This shall be one of my most treasured memories.
We first stepped through a pathway with sharply cut bamboo lined on one side and a curtain of living, breathing bamboo on the other. It was a short cleansing walk, leading us away from the everyday clutter. At Nezu Museum (根津美術館) where my Intro to Japanese Art History prof is chief curator, we reveled in the Irises and Wisteria Screens exhibition (燕子花図と藤花図), only possible through her earnest sharing and discussing about the era’s styles and the artists’ social backgrounds and the changing functions of art. Being introduced to art pieces is such a gratifying experience because the conversations and shared observations make the visit so much more personal.
(image from Nezu Museum)
I often think about the artists when I view their pieces.
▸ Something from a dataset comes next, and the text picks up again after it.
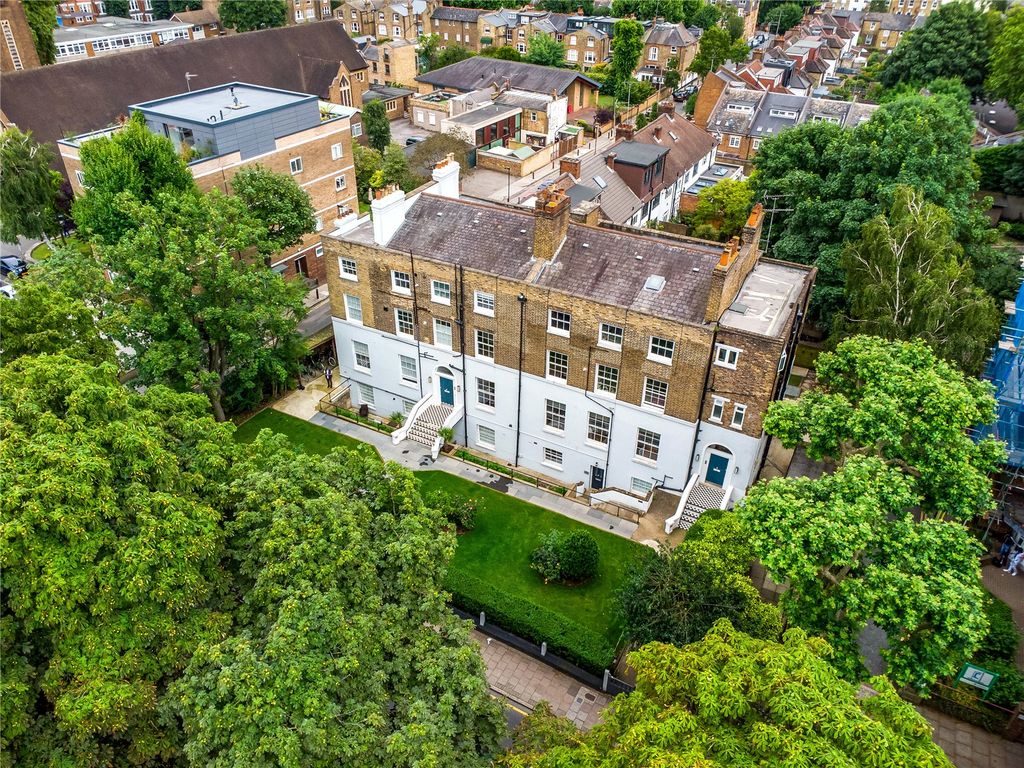 Property photo 2 of 18 Picture No. 23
Besides appreciating the lauded techniques of Irises by Ogata Korin (燕子花図屏風 尾形光琳筆) which may have led it to be deemed as a National Treasure of Japan, it is tons of fun figuring out if Ogata Korin also had someone he missed, why he chose such a broad brushstroke, what the numerous paths in that painting meant to him, and where he was trying to hint us towards.
This time I missed out on the teahouses and irises in the garden but I want to be back, if not for the view but also a reminder to express joy often, and to provide joy often.